Obtain the task script

  1. Log on to the Alibaba Cloud EMR console and access the homepage of Alink. For more information, see PAI-Alink.
  2. On the homepage of Alink, click Create from Template for a template to create an experiment based on the template.
    In this topic, the Scoring Card Function template is used as an example.
  3. In the Create Sample Experiment dialog box, specify Experiment Name and click OK.
  4. In the lower part of the page, choose Deploy > Generate Deployment Script.
    The Deployment Script dialog box displays the script details.
    Note The script is the executable script of the experiment.
  5. Save the script as a file named script.py on your computer.

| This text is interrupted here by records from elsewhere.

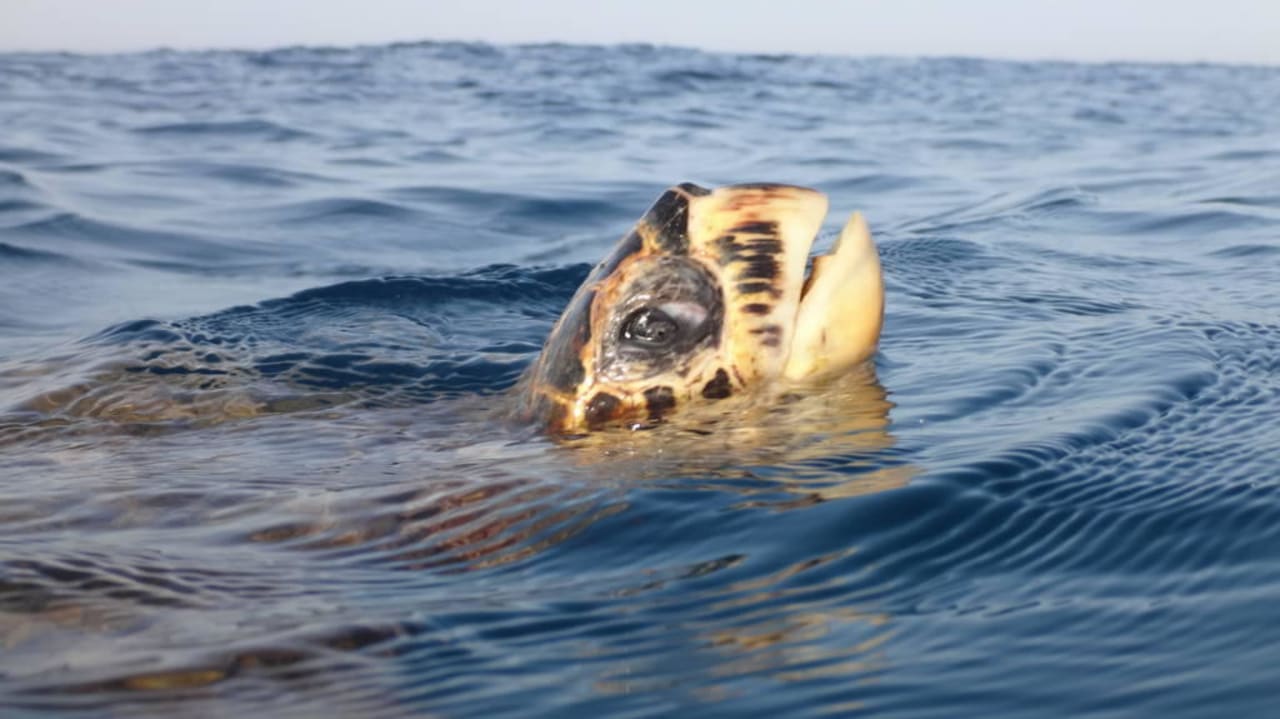 Schildi Three Corners Equinox Beach Resort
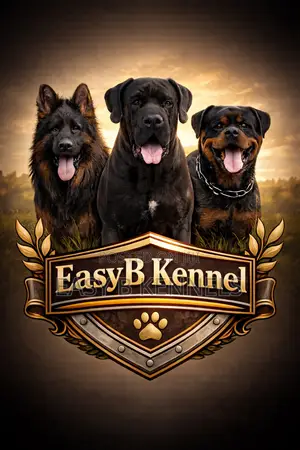 1+ year Male Purebred German Shepherd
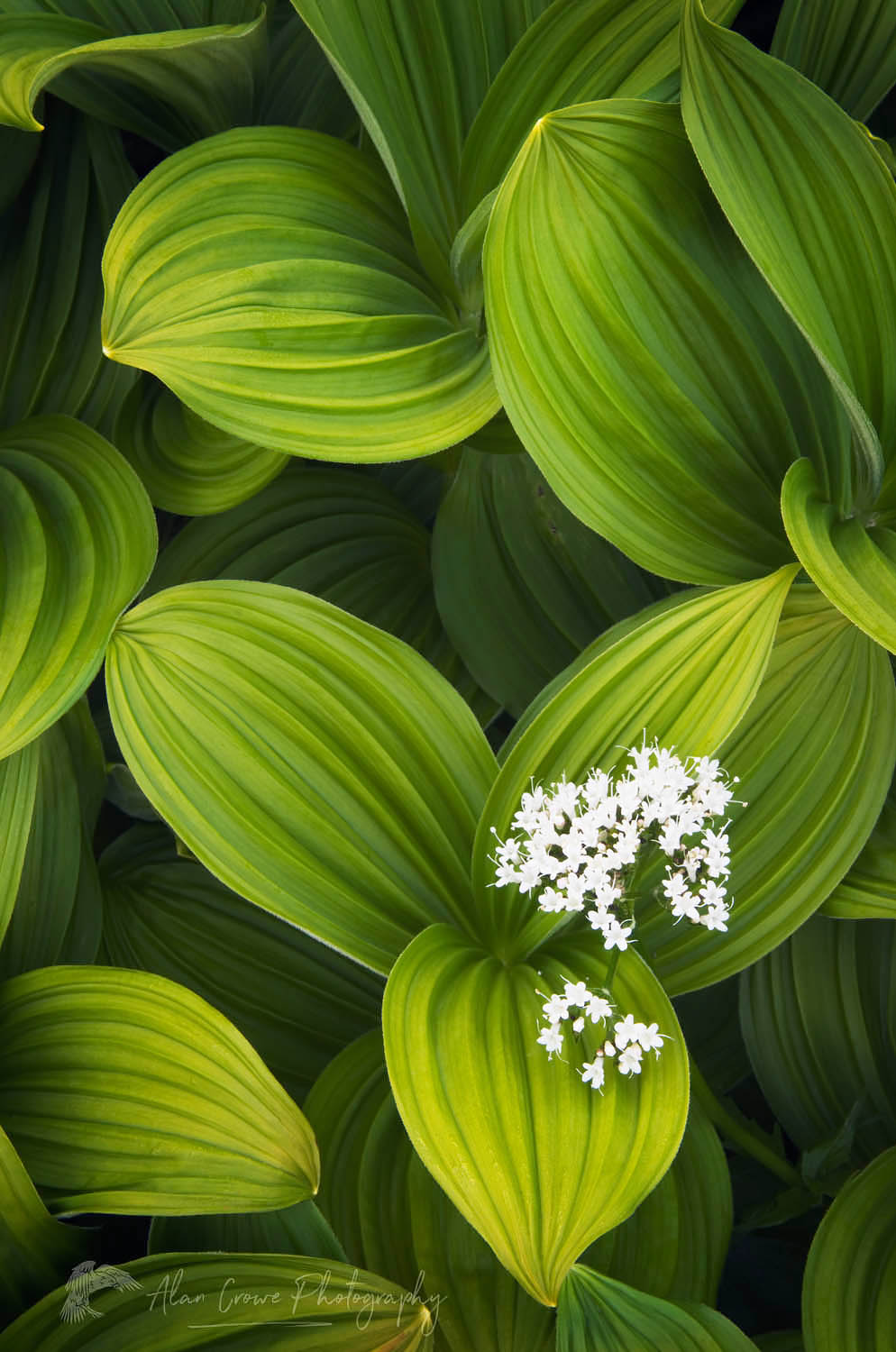 False hellebore (Veratrum viride) Corn Lily and Valerian #54378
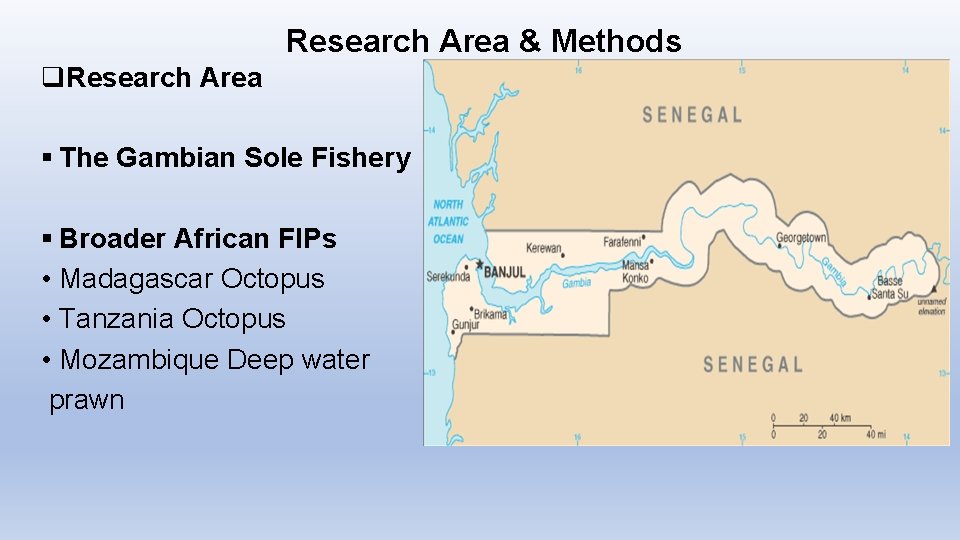 Research Area & Methods q. Research Area § The Gambian Sole Fishery § Broader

Configure the deployment script

  1. Create a configuration file named config.txt.
    Add the following content to the file:
    userId=default
    alinkServerEndpoint=http://127.0.0.1:9301
    hadoopHome=/usr/lib/hadoop-current
    hadoopUserName=hadoop
    token=ZSHTIeEkwrtZJJsN1ZZmCJJmr5jaj1wO
  2. Use SSH Secure File Transfer Client to upload the config.txt and script.py files to the root directory of the master node in the Data Science cluster.
  3. Log on to the master node of the cluster. For more information, see Connect to the master node of an EMR cluster in SSH mode.
  4. Run the following command to view the files:
    check file

Configure a scheduling task

  1. Log on to the EMR console.
  2. In the top navigation bar, select the region where your cluster resides and select a resource group based on your business requirements.
  3. Click the Data Platform tab.
  4. Create a task execution cluster.
    1. Find the project where you want to configure a scheduling task, and click Edit Job in the Actions column.
    2. Click the Projects tab.
    3. In the left-side navigation pane, click Cluster Settings.
    4. In the upper-right corner, click Add Cluster.
    5. In the Add Cluster dialog box, select the created Data Science cluster from the Select Cluster drop-down list and click OK.
  5. Create a job.
    1. Click the Data Platform tab.
    2. Create a Shell job.
      For more information about how to create a job, see Configure a Shell job.
    3. Enter job content in the Content field.
      Example:
      sudo alinkcmd run -c /root/config.txt -f /root/script.py
  6. Configure the job.
    1. Click Job Settings in the upper-right corner.
    2. In the Job Settings pane, click the Advanced Settings tab.
    3. In the Mode section, select Header/Gateway Node from the Job Submission drop-down list.
  7. Run the job.
    1. Click Save in the upper-right corner.
    2. Click Run in the upper-right corner.
    3. In the Run Job dialog box, set the execution cluster to the created Data Science cluster and click OK.